Last week, a 20-year-old Oklahoma woman was convicted of manslaughter for experiencing a miscarriage at 17 weeks and sentenced to 4 years in state prison. (1/2)https://t.co/IlFlP46YEi

— National Advocates for Pregnant Women (@NAPW) October 13, 2021

“For anyone wondering what the ‘endgame’ of abortion bans and restrictions could possibly be—it’s this,” Arpita Appannagari, the policy and partnerships manager at the National Institute for Reproductive Health, tweeted in response to Poolaw’s conviction. “The worst is already happening to Black and brown women across the country.”

The National Advocates for Pregnant Women (NAPW) blasted Poolaw’s conviction as “shameful and dangerous.”

The non-profit said Poolaw sought medical help after experiencing a miscarriage in January last year. In March 2020, she was arrested and charged with first-degree manslaughter. Unable to afford the $20,000 bond, she has been incarcerated since her arrest, the NAPW said.

The group has also alleged that her conviction is not in line with Oklahoma law. “Oklahoma’s murder and manslaughter laws do not apply to miscarriages, which are pregnancy losses that occur before 20 weeks, a point in pregnancy before a fetus is viable (able to survive outside of the womb),” the NAPW said in a statement on Wednesday.

“…convicted of manslaughter for experiencing a miscarriage…”

For anyone wondering what the “endgame” of abortion bans and restrictions could possibly be — it’s this. The worst is already happening to Black and brown women across the country. https://t.co/IgkESMqn6f

— Arpita (@ArpiAppa) October 14, 2021

It adds that the mother cannot be prosecuted for causing a miscarriage later in pregnancy unless a crime was committed that caused the unborn child’s death.

Poolaw, then 19, arrived at Comanche County Memorial Hospital on January 4 last year after giving birth at home, The Lawton Constitution reported last year.

She admitted to using meth and marijuana and tested positive for both drugs, according to an affidavit.

According to the Constitution, the medical examiner’s report listed the unborn child’s cause of death as intrauterine fetal demise due to maternal meth use. A toxicology report on the fetus showed the brain and liver had tested positive for meth and amphetamine.

But during her trial, an OBGYN that testified for the state said that methamphetamine use can have an effect on pregnancy, but may not have directly caused the death of the fetus, KSWO reported.

The NAFW noted that the medical examiner’s report did not identify the use of controlled substances as the cause of the miscarriage.

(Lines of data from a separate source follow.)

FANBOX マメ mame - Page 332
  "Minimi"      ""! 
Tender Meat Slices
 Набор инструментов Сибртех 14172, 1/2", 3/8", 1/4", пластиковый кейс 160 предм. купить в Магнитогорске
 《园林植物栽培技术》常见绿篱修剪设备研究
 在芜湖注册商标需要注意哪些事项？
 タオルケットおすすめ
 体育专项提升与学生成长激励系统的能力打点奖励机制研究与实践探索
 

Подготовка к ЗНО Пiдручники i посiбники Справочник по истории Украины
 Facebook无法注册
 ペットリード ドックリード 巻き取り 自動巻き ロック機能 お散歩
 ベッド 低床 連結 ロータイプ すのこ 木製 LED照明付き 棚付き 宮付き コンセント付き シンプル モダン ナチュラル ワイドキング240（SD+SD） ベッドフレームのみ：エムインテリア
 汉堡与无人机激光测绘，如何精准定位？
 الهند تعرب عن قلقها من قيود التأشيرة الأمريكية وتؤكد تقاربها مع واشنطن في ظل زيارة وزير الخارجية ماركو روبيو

“Contrary to all medical science, the prosecutor blamed the miscarriage on Ms. Poolaw’s alleged use of controlled substances,” the NAFW said. “Even with this lack of evidence, the prosecutor moved forward with the charge.”

The non-profit said the case was part of a troubling trend of Oklahoma prosecutors using the law to “police pregnant women and to seek severe penalties for those who experience pregnancy losses.”

The NAFW added: “Ms. Poolaw’s case is a tragedy. She has suffered the trauma of pregnancy loss, has been jailed for a year and half during a pandemic, and was charged and convicted of a crime without basis in law or science. We are supporting Ms. Poolaw as she explores her legal options, and we are working to ensure that this type of injustice does not happen again.”

Activists participate in the Women’s March Action: March 4 Reproductive Rights from Pershing Square to Los Angeles City Hall on October 02, 2021 in Los Angeles, California.